The Famine Diaspora and Irish American Women's Writing

The Famine Diaspora and Irish American Women's Writing
Author: Marguérite Corporaal
Publisher: Springer Nature
Total Pages: 247
Release: 2024-01-16
Genre: Literary Criticism
ISBN: 3031407911

The Famine Diaspora and Irish American Women’s Writing considers the works of eleven North American female authors who wrote for or descended from the Irish Famine generation: Anna Dorsey, Christine Faber, Elizabeth Gurley Flynn, Mother Jones, Kate Kennedy, Margaret Dixon McDougall, Mary Meaney, Alice Nolan, Fanny Parnell, Mary Anne Sadlier, and Elizabeth Hely Walshe.
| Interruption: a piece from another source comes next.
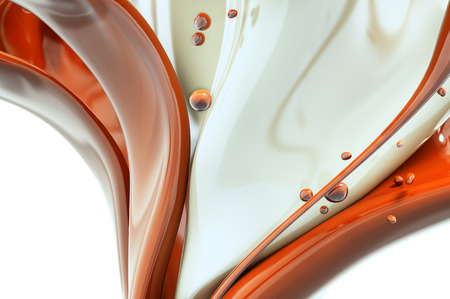 Melted hot chocolate and milk is pouring. Liquid Jet isolated on white background, isolated 3d renderingの写真素材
This collection examines the ways the writings of these women contributed significantly to the construction of Irish North-American identities, and played a crucial role in the dissemination of Famine memories transgenerationally as well as transnationally. The included annotated excerpts from these women writers’ works and the accompanying essays by prominent international scholars offer insights on the sociopolitical position of the Irish in North America, their connections with the homeland, women’s activities in transnational (often Catholic) publishing networks and women writers’ mediation of Ireland’s cultural heritage. Furthermore, the volume illustrates the generic variety of Irish American women’s writing of the Famine generation, which comprises political treatises, novels, short stories and poetry, and bears witness to these female authors’ profound engagement with political and social issues, such as the conditions of the poor and woman’s vote.